# El Dorado, KS Gorgeous 2 yro



## Old Gold Mum2001 (Feb 25, 2007)

*More About Harley*



Harley is 2 years old. He is good with kids. Loves to play. He is pottytrained. 

This pet is already house trained. 
*My Contact Info*

*City of El Dorado Animal Shelter *

El Dorado, KS

Phone: 316-322-8844
Email adoption organization


----------



## Penny & Maggie's Mom (Oct 4, 2007)

OMG.... he's stunning !!!!! Hope he's out of there pronto !!!!! Wish I lived closer.


----------



## missmarstar (Jul 22, 2007)

what a beautiful boy.... hope he gets rescued soon


----------



## Carraig (Jan 4, 2008)

What a sweet dog. Surely he can't go long without someone snapping him up.


----------



## gold'nchocolate (May 31, 2005)

What a wonderful looking golden that is! I wonder how he ended up in there?


----------



## indysmum (Jun 20, 2007)

Thers is a female Golden there too no details as yet.
http://www.petfinder.com/petnote/displaypet.cgi?petid=10450839

Any rescues near there??


----------



## Nala's Mom (Apr 8, 2007)

His expression is sooo sad. I'll never understand how people can give these beautiful sweet creatures up to shelters.


----------



## MyGoldenCharlie (Dec 4, 2007)

Has anyone called the shelter to see if they still have them there?


----------



## Maggies mom (Jan 6, 2006)

We have someone calling tomorrow on him.


----------



## ShadowsParents (Feb 27, 2007)

he's handsome! And look at those ears.


----------



## BeauShel (May 20, 2007)

He is so handsome and I hope the rescue scoops them up or a great home comes along.


----------



## Jazz & Jules (Feb 25, 2007)

Does that dog not look just like a Hooch pup!

He's a beauty!!!!!!!!!!


----------



## 3 goldens (Sep 30, 2005)

What a beautiful boy to be in such a place.


----------



## ShadowsParents (Feb 27, 2007)

You saw that too MJ? It's the ears!!! hee hee


----------



## Old Gold Mum2001 (Feb 25, 2007)

Jazz & Jules said:


> Does that dog not look just like a Hooch pup!
> 
> He's a beauty!!!!!!!!!!


Yeah, I was thinking he looks really familiar too!


----------



## MyGoldenCharlie (Dec 4, 2007)

Anyone have an update on this boy?


----------



## GoldenJoyx'stwo (Feb 25, 2007)

You know, you are all correct about this dog looking like a Hooch pup. It's more than the ears. I've been looking at Hooch pups since 2002. I know Hooch is unavailable, but I wish he were here to see this GR.

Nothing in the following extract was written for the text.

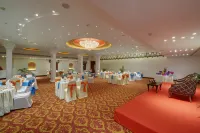 The Crown Goa - breakfast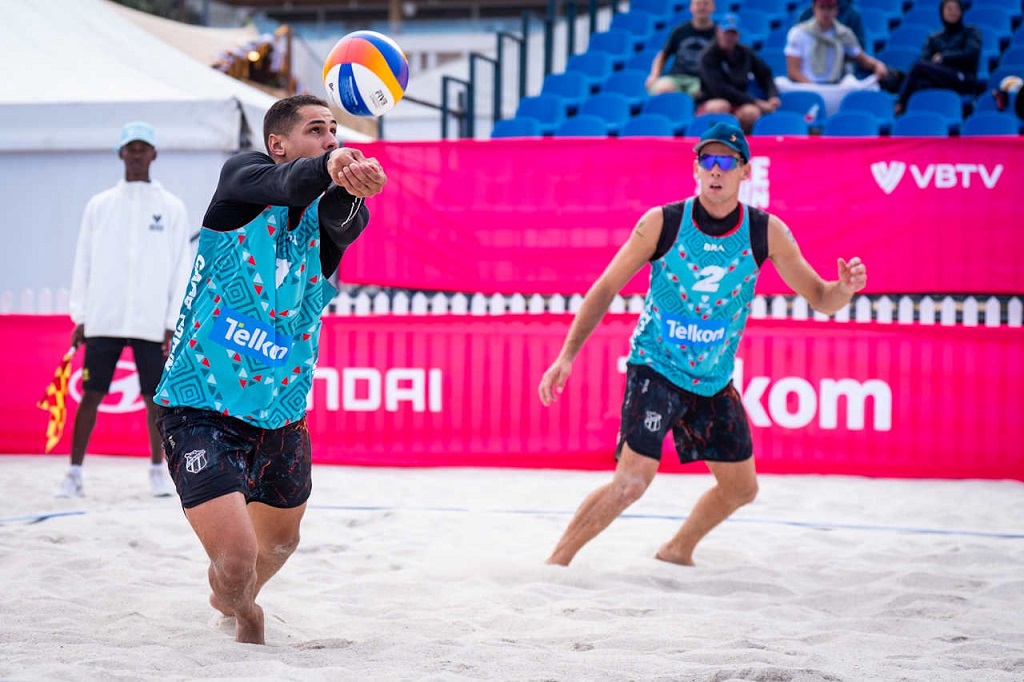 Vôlei de Praia: De virada, Mateus e Adelmo vencem tchecos Trousil e Sedlak e avançam às quartas de final do Circuito Mundial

Some Hooch pups through the years. I think it's Laurel or is it Haley that this dog resembles. http://www.slideroll.com/slideshows/members/maryfbailey/show/the-hooch-a-riverdogs-kennel-2/

The pooch in photo 14?

Did anyone show this GR to Goldensonly? When did they have their first litter? Time passes so quickly.


----------



## Jackson'sMom (Oct 13, 2007)

He is gorgeous! Any update to report?


----------



## Jazz & Jules (Feb 25, 2007)

Kimm said:


> You know, you are all correct about this dog looking like a Hooch pup. It's more than the ears. I've been looking at Hooch pups since 2002. I know Hooch is unavailable, but I wish he were here to see this GR.
> 
> Some Hooch pups through the years. I think it's Laurel or is it Haley that this dog resembles. http://www.slideroll.com/slideshows/members/maryfbailey/show/the-hooch-a-riverdogs-kennel-2/
> 
> ...


Not sure if GO has seen this or not, but I know her first litter from Heather was born January 23, 2007.


----------



## Karen519 (Aug 21, 2006)

*just emld. KS G.R. Rescue Golden Recovery*

just emld. KS G.R. Rescue Golden Recovery for Harley!!


----------



## GoldenJoyx'stwo (Feb 25, 2007)

Bumping for Hooch! He's on...


----------



## Maggies mom (Jan 6, 2006)

We called and there was someone who was going today to see him . Our lady was suppose to call back at 5. I havent talk to her yet. His sister was already adopted.


----------



## Karen519 (Aug 21, 2006)

*Let us know*

Will you let us know when you hear!!!


----------



## TheHooch (May 9, 2007)

Man that really looks like one of my puppers.


----------



## Maggies mom (Jan 6, 2006)

Karen519 said:


> Will you let us know when you hear!!!


Yes.... As Soon as I Hear from her I will....


----------



## GoldenJoyx'stwo (Feb 25, 2007)

TheHooch said:


> Man that really looks like one of my puppers.


I know..............


----------



## Penny & Maggie's Mom (Oct 4, 2007)

This dog really stole my heart..... and to think there was a sister too. OMG, he's just gorgeous !!!!!


----------



## Old Gold Mum2001 (Feb 25, 2007)

Both have been adopted


----------



## Maggies mom (Jan 6, 2006)

Old Gold Mum2001 said:


> Both have been adopted


You beat me to posting that they had been adopted....


----------



## 3 goldens (Sep 30, 2005)

Great News


----------



## BeauShel (May 20, 2007)

Glad to see that both of Bama lookalikes got their furever homes.


----------